**To do**
Would you please transcribe the data in full and exactly, excluding images?
START Dataset excerpts
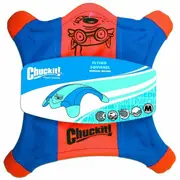 Flying Squirrel Medium Chuck It Dog & Puppy Toy - 26x26cm (ChuckIt)
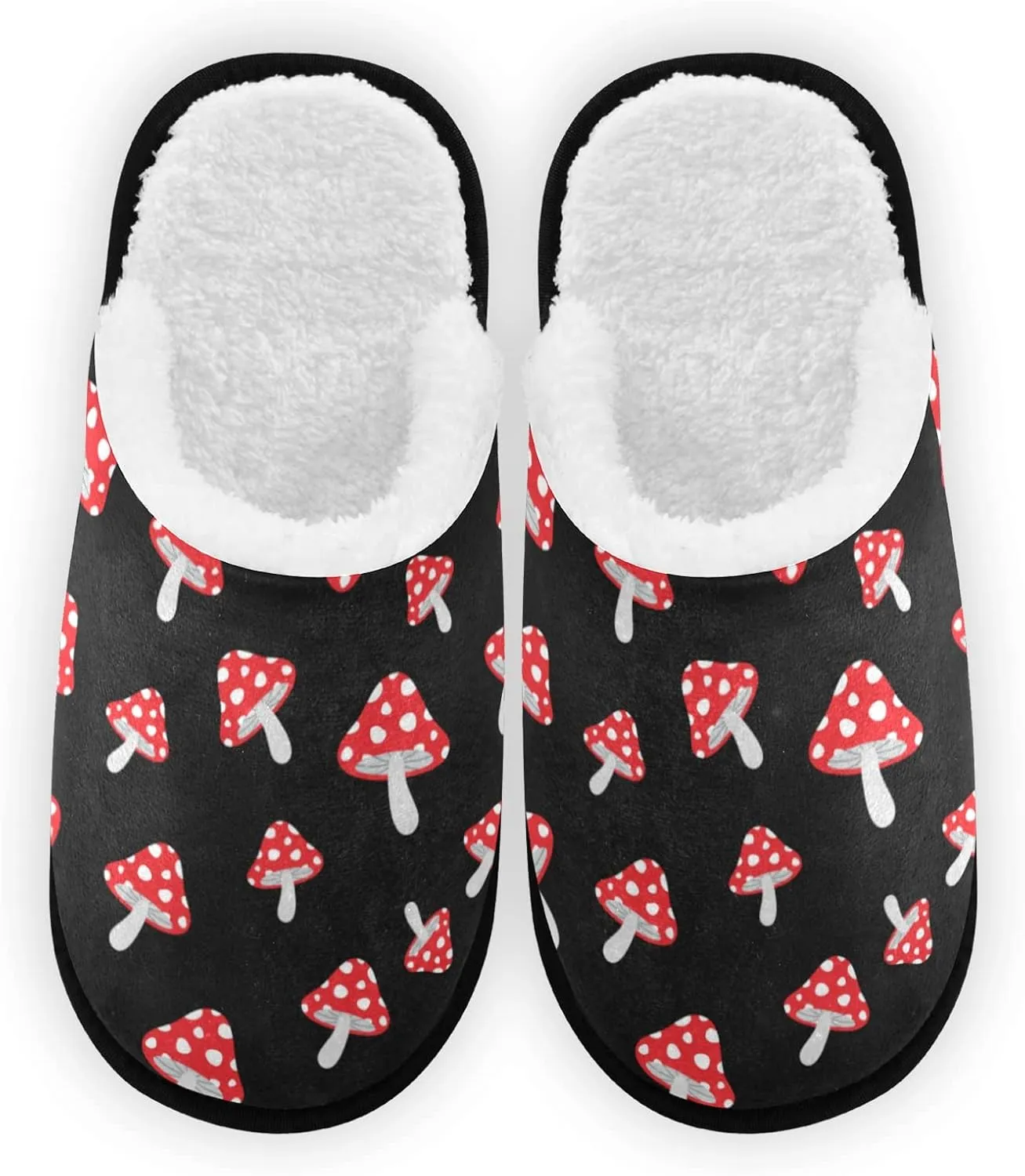 Slippers Soft Non-Slip Indoor House Slippers Home Shoes For Bedroom Hotel Travel Spa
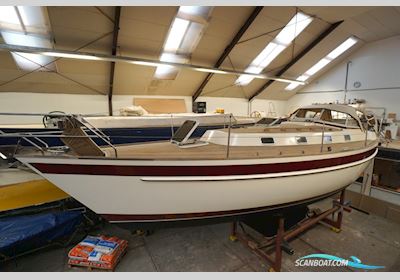 Najad 320 Segelboot 1989, mit Volvo Penta motor, Niederlande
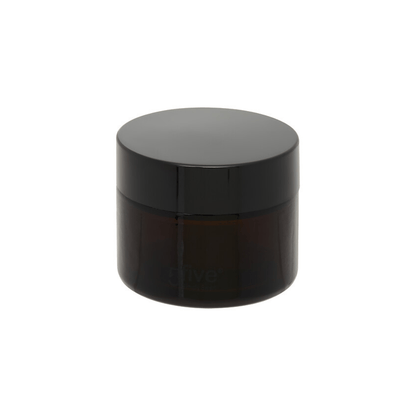 Alpha 55 Pot à Crème 50 ml en Verre Teinté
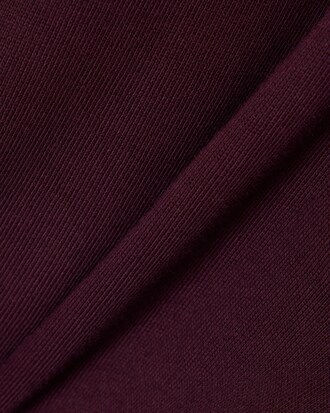 Pantal&oacute;n de ch&aacute;ndal de felpa de corte regular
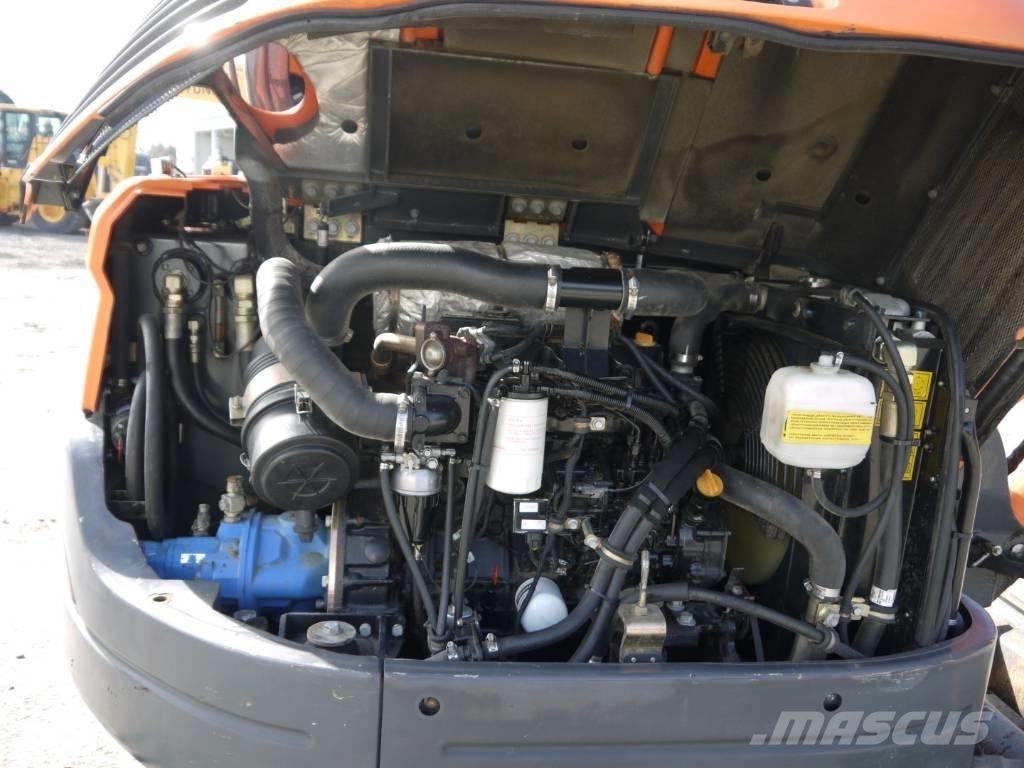 Doosan DX 60 R 小型挖掘机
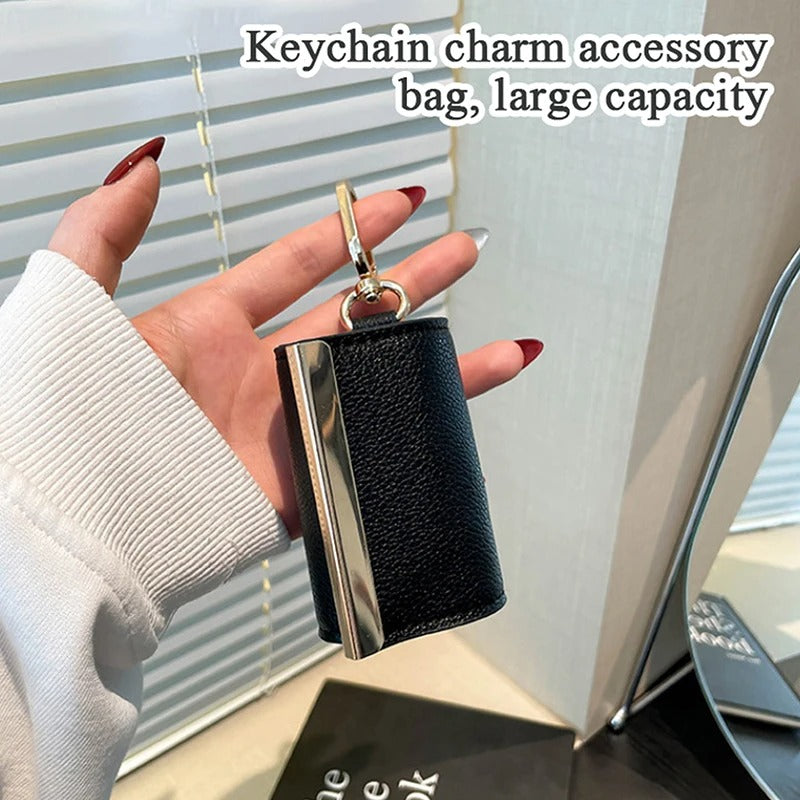Stylish Travel Keychain Storage Bag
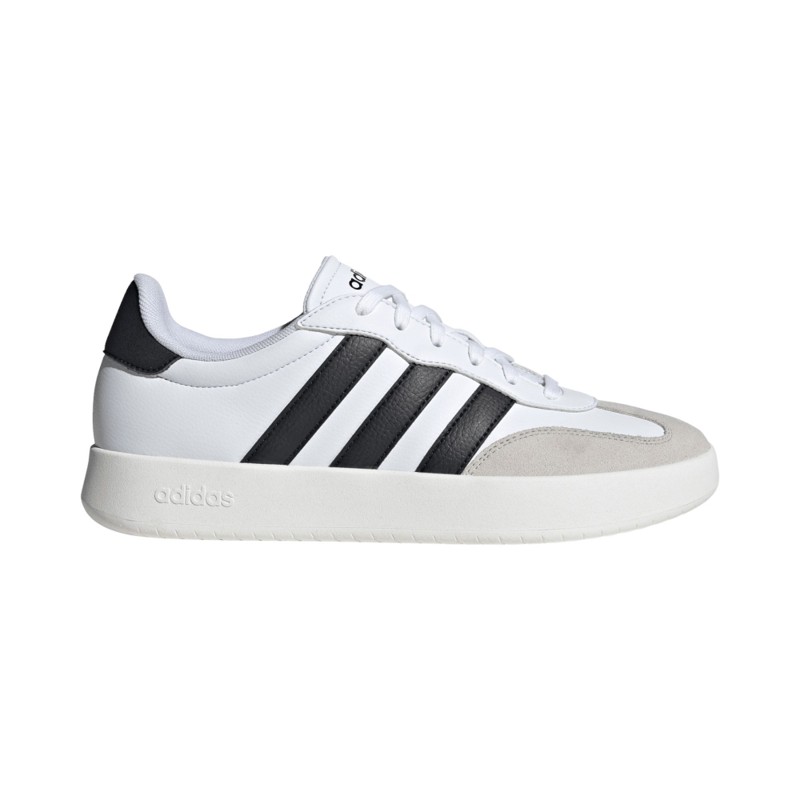SYNLEA-SUEDE     WHT/BLK/GREY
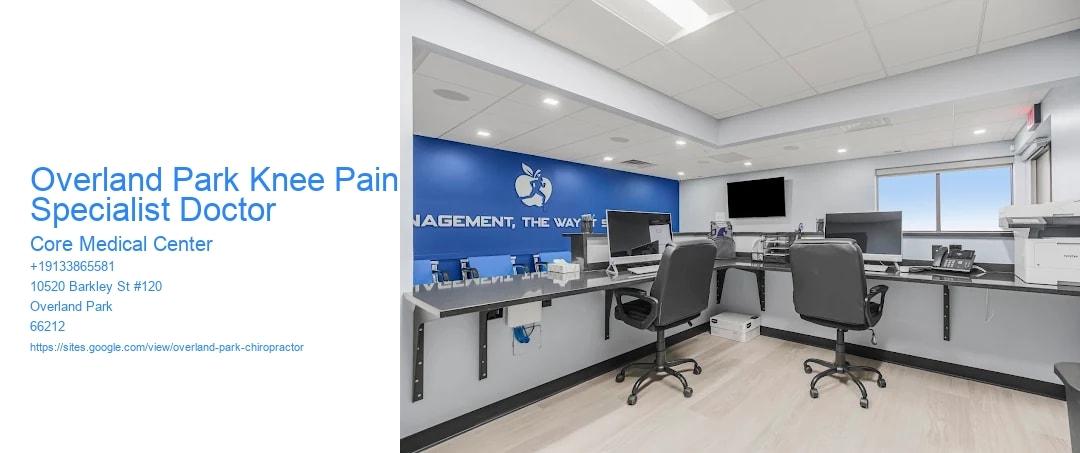 Overland Park Knee Pain Specialist Doctor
END Dataset excerpts
**Solution for this task**
 Flying Squirrel Medium Chuck It Dog & Puppy Toy - 26x26cm (ChuckIt)
 Slippers Soft Non-Slip Indoor House Slippers Home Shoes For Bedroom Hotel Travel Spa
 Najad 320 Segelboot 1989, mit Volvo Penta motor, Niederlande
 Alpha 55 Pot à Crème 50 ml en Verre Teinté
 Pantal&oacute;n de ch&aacute;ndal de felpa de corte regular
 Doosan DX 60 R 小型挖掘机
Stylish Travel Keychain Storage Bag
SYNLEA-SUEDE     WHT/BLK/GREY
 Overland Park Knee Pain Specialist Doctor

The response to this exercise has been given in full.